On April 18, the Georgia firefighter caught an infant who was tossed from the second floor a burning apartment building, but Sutton told The Atlanta Journal-Constitution that it was he who was “blessed” in that moment.
“Anybody would’ve done what I did,” the 31-year-old said. “I got lucky. Really, I was blessed.”
Sutton, 31, works 24-hour shifts at the fire department as well as a side job working with an ambulance service. He was filling in for another firefighter when an emergency dispatcher radioed into the station to say that an apartment complex in Decatur was burning, near where Sutton grew up and his father still lives.
“We have a working incident,” the dispatcher said, meaning that the fire was serious, perilous and that the crew needs to be prepared to enter the building.
When Sutton got to the scene, he began to suit up before he saw a screen fall from a window and heard a frantic man calling out.
“I got a baby!” the man screamed more than once, his voice raspy from the smoke.
The father was dangling his 6-month-old daughter out of the window, desperate to get her to safety. Sutton ran toward the building and yelled for the man to drop the child.
The moment he did was caught on camera by a contracted plumber who was doing work at the building next door, ABC News reported. After Sutton caught the baby, he took her to the medical unit to be checked out before hurrying back to the building to help the father climb out the window.
The family escaped without any injures. Sutton later went up to the father and shook his hand.
Sutton had never anticipated being in this type of situation. There is no throwing of babies simulated in firefighter training in DeKalb County.

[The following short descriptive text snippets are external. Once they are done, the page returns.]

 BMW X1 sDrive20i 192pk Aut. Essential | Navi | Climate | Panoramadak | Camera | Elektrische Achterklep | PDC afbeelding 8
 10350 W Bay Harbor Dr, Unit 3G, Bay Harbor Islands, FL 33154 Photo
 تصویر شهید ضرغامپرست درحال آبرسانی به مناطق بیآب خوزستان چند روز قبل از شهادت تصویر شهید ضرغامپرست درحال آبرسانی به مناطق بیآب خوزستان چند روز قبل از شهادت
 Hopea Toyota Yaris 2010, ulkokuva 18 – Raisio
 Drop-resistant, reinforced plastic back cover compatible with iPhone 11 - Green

It was just another day on the job. When Sutton got off work on Wednesday, he headed to his second job at the ambulance service, not realizing the media attention that was about to flood in.

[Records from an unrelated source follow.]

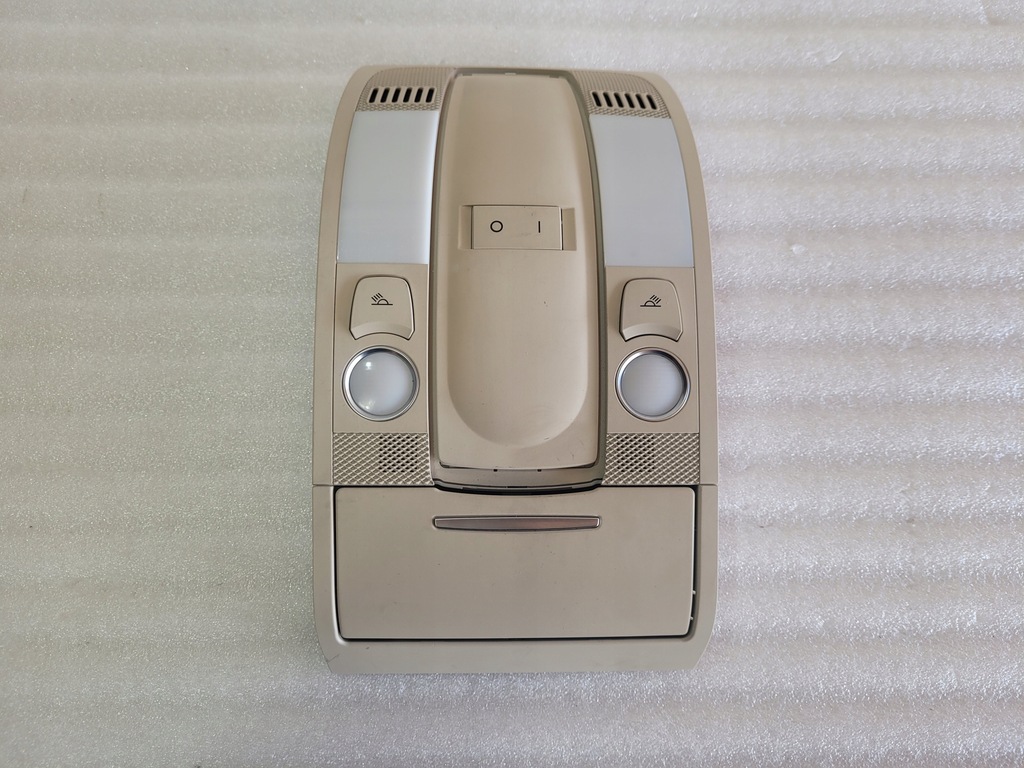 фото №1, Audi q7 лампа освітлення стельовий 4l0947135g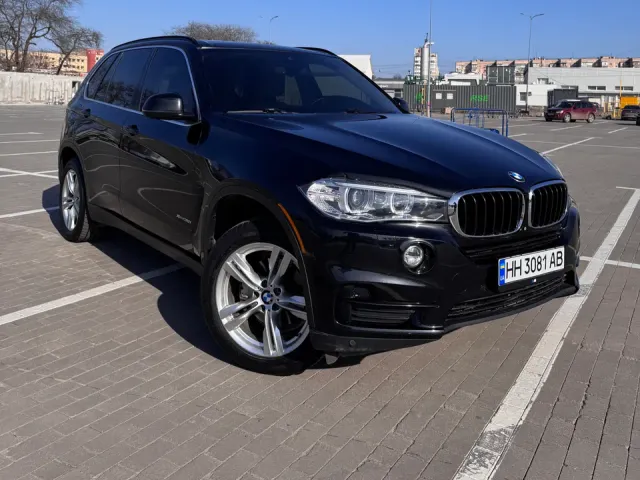 BMW X5 - фото 1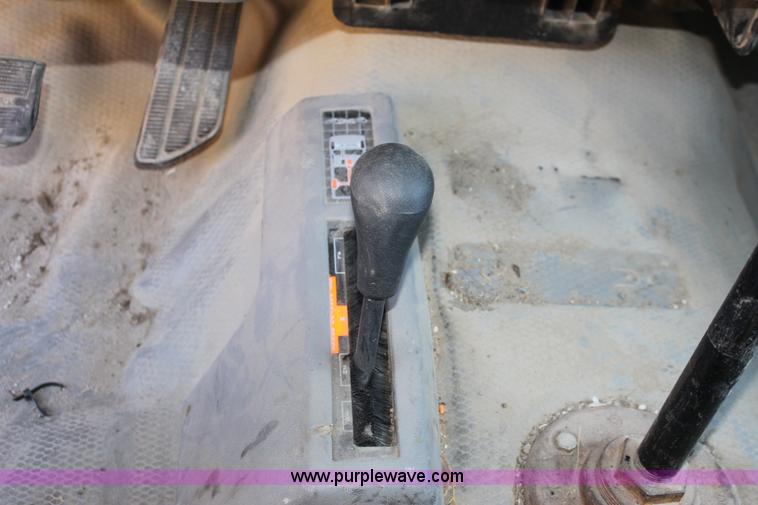 image for item B8617 2000 Chevrolet K3500LS  pickup truck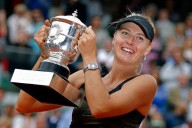 Maria Sharapova, Bryan brothers to be inducted into Tennis Hall of Fame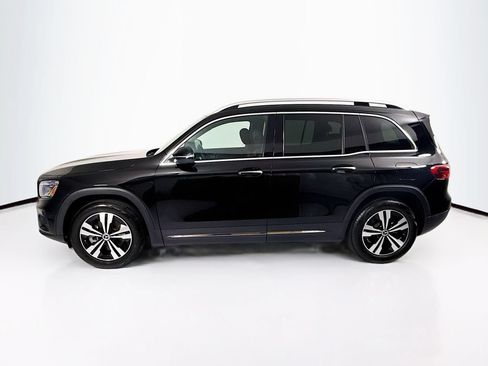 Used 2025 Mercedes-Benz GLB 250 image 8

Sutton had regaled the story to his wife, Martika Sutton, but didn’t think much of it after that – until he got a call from one of his superiors at the station saying that a local news station was interested in talking to him.
Days later, Sutton had appeared on national and even international news outlets.
Still, Sutton, who has been a firefighter for 10 years, doesn’t think of himself as a hero.
“It’s a term that firefighters and officers alike don’t hold onto or acknowledge, but it was heroic,” Captain Eric Jackson, the department’s public information officer, told ABC News. “For a firefighter to be where he was and be keenly aware … when the gentleman dropped the baby, he dropped him right into his arms.”
Sutton has been “very humble” since the incident, Captain Tom Burrell told ABC News.
“As a father of two children himself, I think anybody can understand that if that opportunity occurred, he could see himself in that man’s shoes.”
“It feels like I’m a celebrity or something,” he said, chuckling.
All of the attention didn’t stop him from going into work on Friday, as usual. He still credits the amazing catch to being “in the right place at the right time.”
“If I could save a baby every day, I would,” he said, reiterating the word “blessed.”